• _Requirement_:
Below this line are records; transcribe exactly the lines between the one holding "Screenshot preview of romper.com" and the one holding "High Designs Wide", inclusive, and omit the pictures.

• _The input_:
^^^^

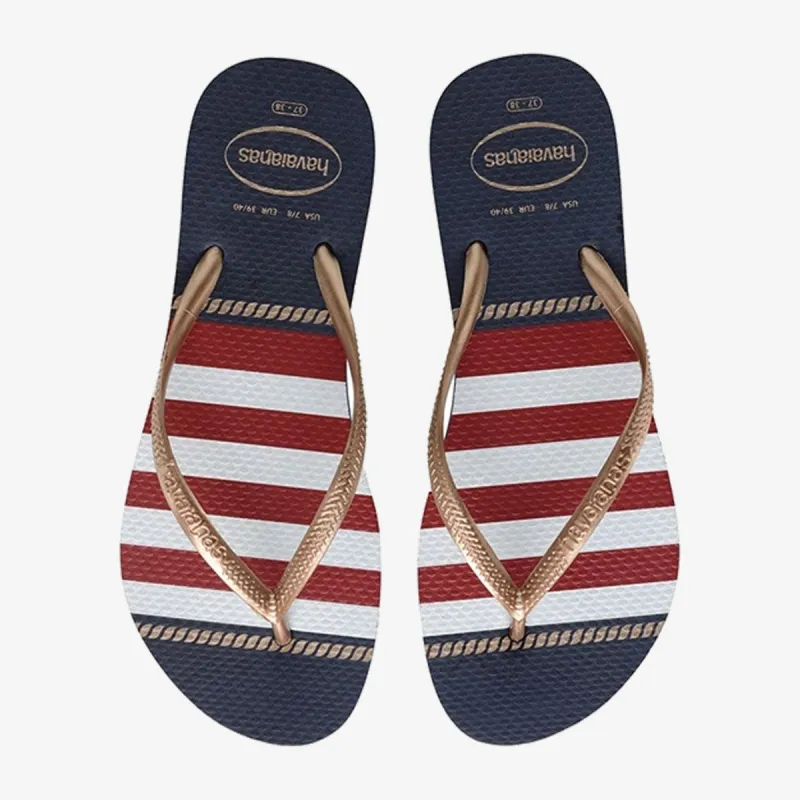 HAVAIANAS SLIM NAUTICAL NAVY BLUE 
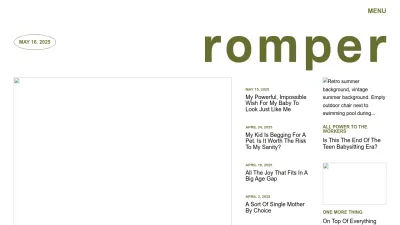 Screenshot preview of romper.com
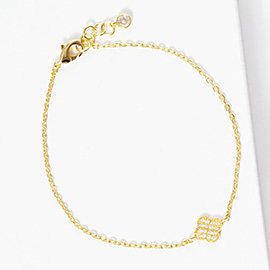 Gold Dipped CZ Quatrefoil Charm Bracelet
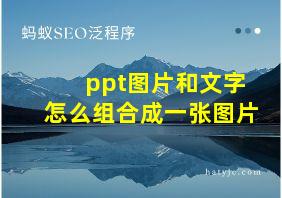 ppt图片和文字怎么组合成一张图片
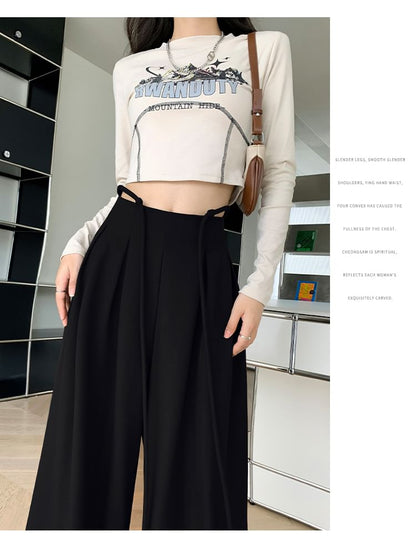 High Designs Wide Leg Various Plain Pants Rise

^^^^

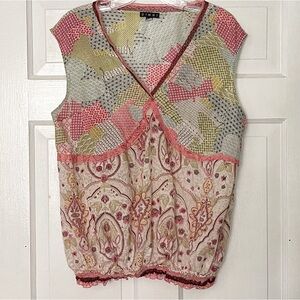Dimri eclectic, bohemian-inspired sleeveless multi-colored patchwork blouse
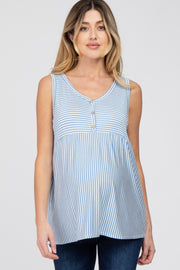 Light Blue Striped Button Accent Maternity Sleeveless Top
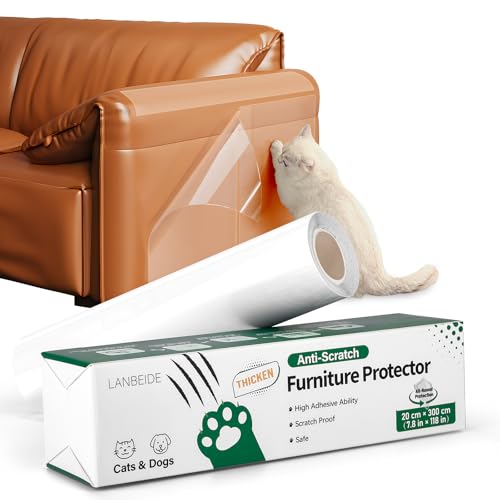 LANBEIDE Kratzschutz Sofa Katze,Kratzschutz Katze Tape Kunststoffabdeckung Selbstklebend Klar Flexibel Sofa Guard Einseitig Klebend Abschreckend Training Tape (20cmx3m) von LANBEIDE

^^^^

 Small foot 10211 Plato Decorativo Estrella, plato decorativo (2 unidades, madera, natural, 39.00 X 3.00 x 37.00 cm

^^^^

• _Answer space_:
 Screenshot preview of romper.com
 Gold Dipped CZ Quatrefoil Charm Bracelet
 ppt图片和文字怎么组合成一张图片
 High Designs Wide Leg Various Plain Pants Rise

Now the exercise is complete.